MotoTrojan wrote: ↑Tue Aug 13, 2019 9:43 pm
Lee_WSP wrote: ↑Tue Aug 13, 2019 9:39 pm
HEDGEFUNDIE wrote: ↑Tue Aug 13, 2019 9:36 pm
Lee_WSP wrote: ↑Tue Aug 13, 2019 9:35 pm
HEDGEFUNDIE wrote: ↑Tue Aug 13, 2019 9:30 pm
2. I also acknowledge that at 2%, TMF’s upside from here is capped. Which is why I made my AA change to 55/45.

I do not know of any reason bond funds cannot go up in value even if rates go negative.
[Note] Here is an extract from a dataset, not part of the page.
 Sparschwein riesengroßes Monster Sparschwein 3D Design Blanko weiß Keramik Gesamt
In fact, they should go up by a very large amount if rates indeed went negative.

I agree, but I do think there is a cap on how negative rates can go, it’s probably in the low single negative digits.

True, but the increase in bond fund price is also exponential as rates go lower, so even a single basis point change past zero could mean a 10 or 20% gain in LTT.
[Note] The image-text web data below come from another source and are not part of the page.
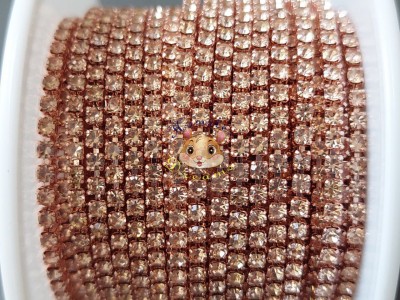 Стразовий ланцюжок ss6 Light Peach / оправа в тон страз 2 мм (10 см)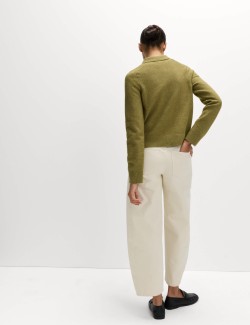 Kardigan s rolákovým límečkem a knoflíky na přední straně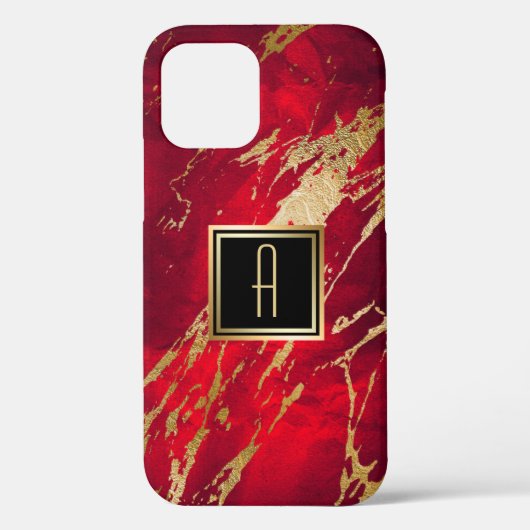 Gold Monogram Paint Splash Case-Mate iPhone Case (Achterkant)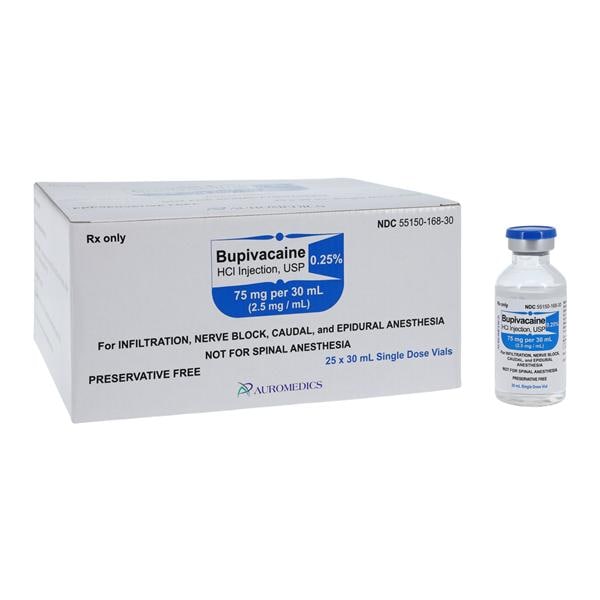 Bupivacaine HCl Injection 0.25% Preservative Free SDV 30mL 25/Pac...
If rates rise, TMF is going to look like stocks in 1999.

Doesn't that phenomenon's derivative peak at 0% rates and then start to reduce symmetrically as the rates go to negative? Ie the change from 0.5% to 0% is the same as 0% to -0.5%.

We can just do some bond math to see what happens as rates drop through 0%.
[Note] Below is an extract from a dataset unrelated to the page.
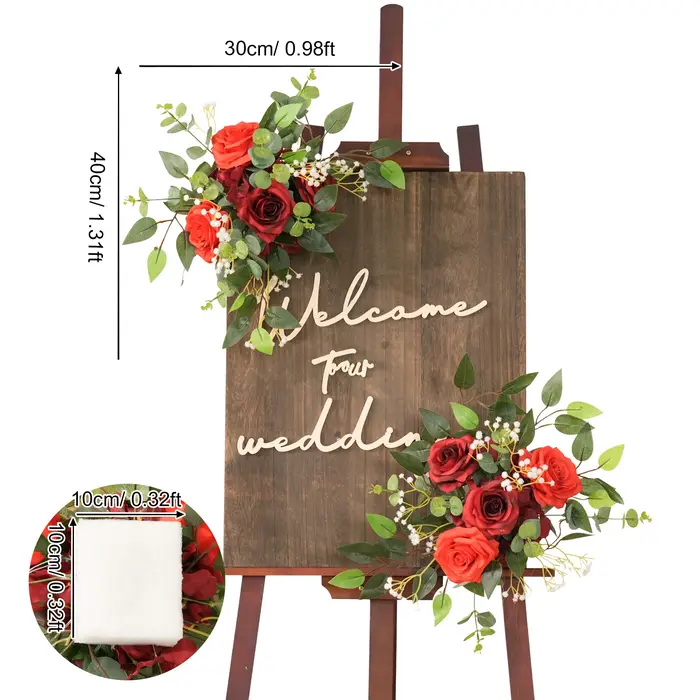 C7673 rangées de fleurs de souffle de bébé Rose bordeaux, gypsophile, Eucalyptus, rideau de chemin d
If yields go negative, the lowest coupon rate would be 0%, since I don't think there's a way to implement a negative coupon rate. I recall someone posting that the minimum coupon rate for a US Treasury is 0.125%, and a negative yield would be implemented by selling the bond at a sufficient premium (price > 100). The results of the math aren't much different for 0% and 0.125% coupon rates, and with a zero-coupon bond, we don't have to factor in coupon return (it's all capital return), so I'll just use a 0% coupon rate.

As someone pointed out, price of a 0% coupon bond at 0% yield is 100--I'll normalize 100 to 1 for use in the PV function to calculate price (and hence return). Continuing to use a constant maturity 25-year bond:

p(0%) =-PV(0%,25,0%,1) = 1.00

To calculate the return for a change of yield from 1% to 0%, we first calculate the price at 1% yield:

p(1%) =-PV(1%,25,0%,1) = 0.78

Then we calculate the return as:

r(1%->0%) = p(0%) / p(1%) - 1 = 1.00 / 0.78 = 28.2%

Similarly, to calculate the return for 0% -> -1%, we first calculate the price at -1% yield:

p(-1%) =-PV(-1%,25,0%,1) = 1.286,

and the return for 0% to -1% is:

r(0%->-1%) = 1.286/1.000 - 1 = 28.6%

So 28.6% is a little higher than 28.2%, but not that much higher.

Doing similar calculations for all one-percentage-point changes from 10%->9% to -9%->-10%, and graphing the results, we get this:

So as yields drop, return increases with slight curvature, but pretty close to linear, and nothing special happens at 0% yield.